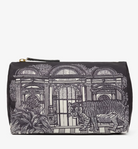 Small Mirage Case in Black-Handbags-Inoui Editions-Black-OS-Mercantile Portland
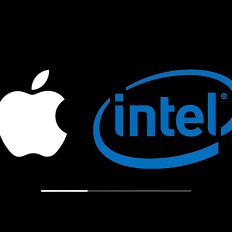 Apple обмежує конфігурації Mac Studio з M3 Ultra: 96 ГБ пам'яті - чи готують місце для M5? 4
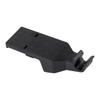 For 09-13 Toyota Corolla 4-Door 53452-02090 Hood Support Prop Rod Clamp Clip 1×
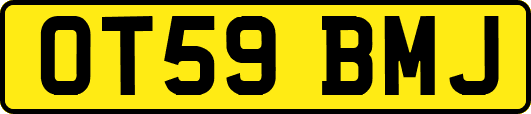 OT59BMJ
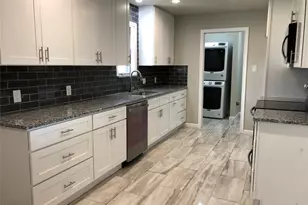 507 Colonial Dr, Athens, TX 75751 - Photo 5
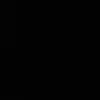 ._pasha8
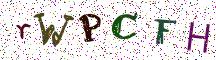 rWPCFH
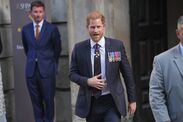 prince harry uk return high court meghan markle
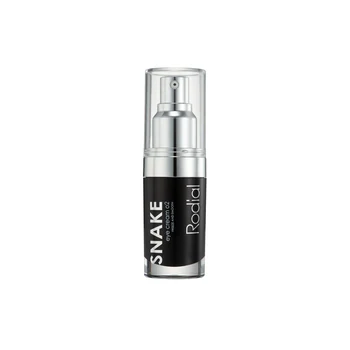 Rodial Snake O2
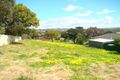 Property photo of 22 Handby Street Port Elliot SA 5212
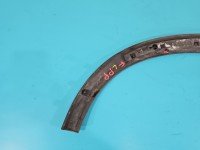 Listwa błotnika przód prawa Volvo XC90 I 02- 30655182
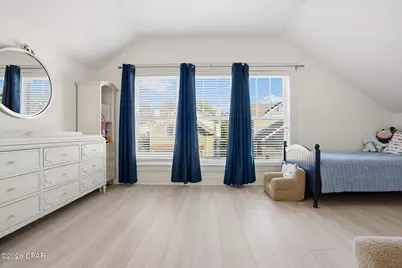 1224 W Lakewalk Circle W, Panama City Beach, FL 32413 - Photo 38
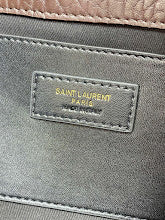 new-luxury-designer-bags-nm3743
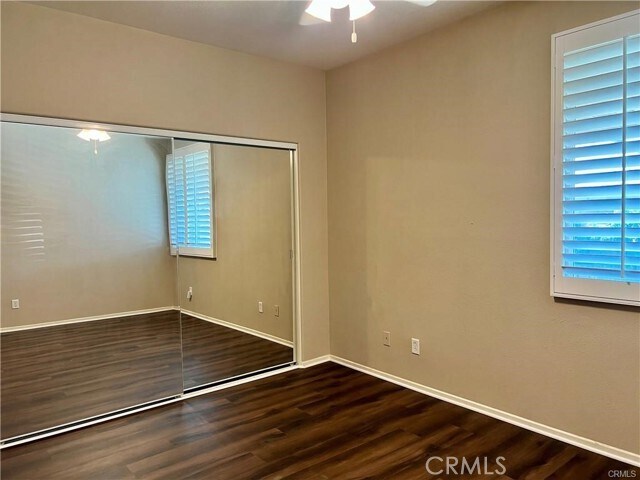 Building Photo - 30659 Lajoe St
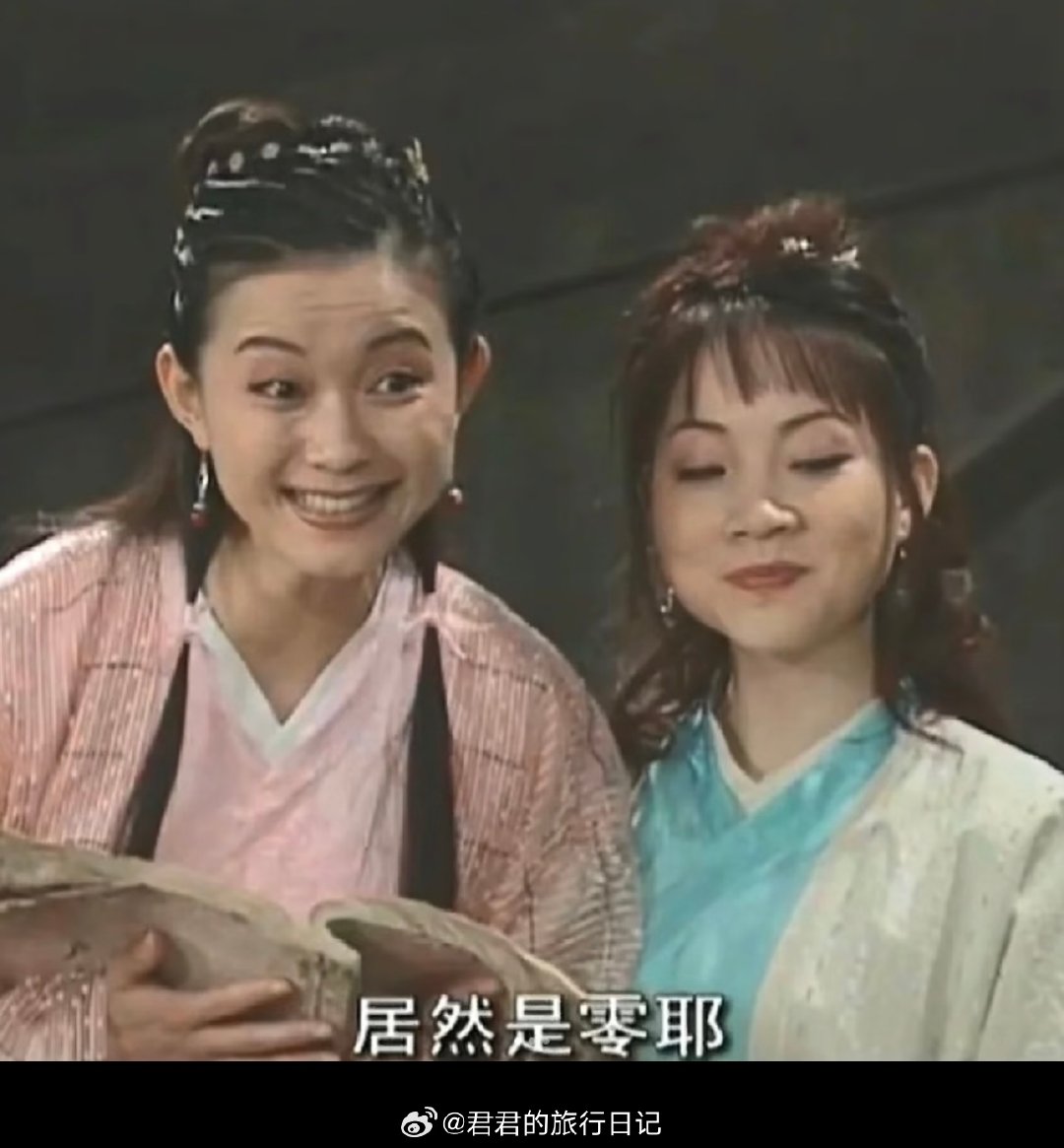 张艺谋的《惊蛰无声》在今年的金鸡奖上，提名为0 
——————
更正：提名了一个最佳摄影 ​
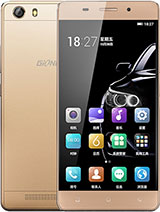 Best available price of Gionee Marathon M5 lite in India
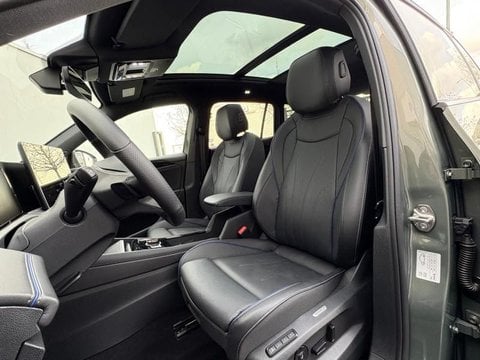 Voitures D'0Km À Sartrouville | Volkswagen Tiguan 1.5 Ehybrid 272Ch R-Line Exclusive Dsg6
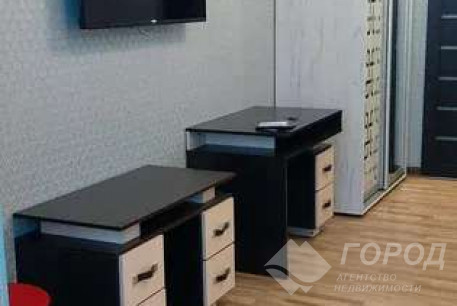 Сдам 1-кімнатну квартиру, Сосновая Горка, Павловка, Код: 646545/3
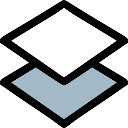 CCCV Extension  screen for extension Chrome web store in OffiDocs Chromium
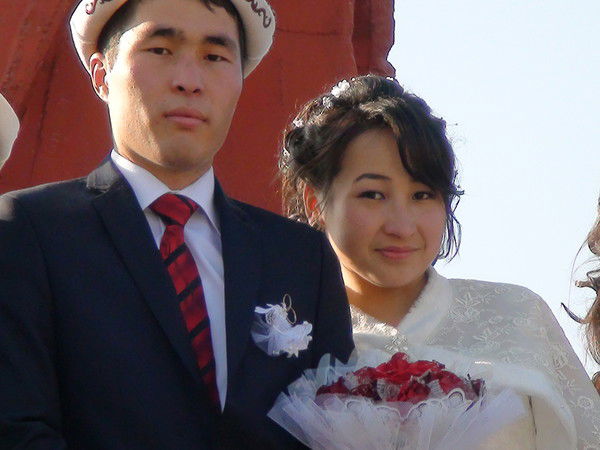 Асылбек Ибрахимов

_ _ _ _ _ _ _

Task brief: Restate exactly the lines that start at the "1224 W Lakewalk" line and end with the last line of the material above, leaving out the pictures.

Your response:
 1224 W Lakewalk Circle W, Panama City Beach, FL 32413 - Photo 38
 new-luxury-designer-bags-nm3743
 Building Photo - 30659 Lajoe St
 张艺谋的《惊蛰无声》在今年的金鸡奖上，提名为0 
——————
更正：提名了一个最佳摄影 ​
 Best available price of Gionee Marathon M5 lite in India
 Voitures D'0Km À Sartrouville | Volkswagen Tiguan 1.5 Ehybrid 272Ch R-Line Exclusive Dsg6
 Сдам 1-кімнатну квартиру, Сосновая Горка, Павловка, Код: 646545/3
 CCCV Extension  screen for extension Chrome web store in OffiDocs Chromium
 Асылбек Ибрахимов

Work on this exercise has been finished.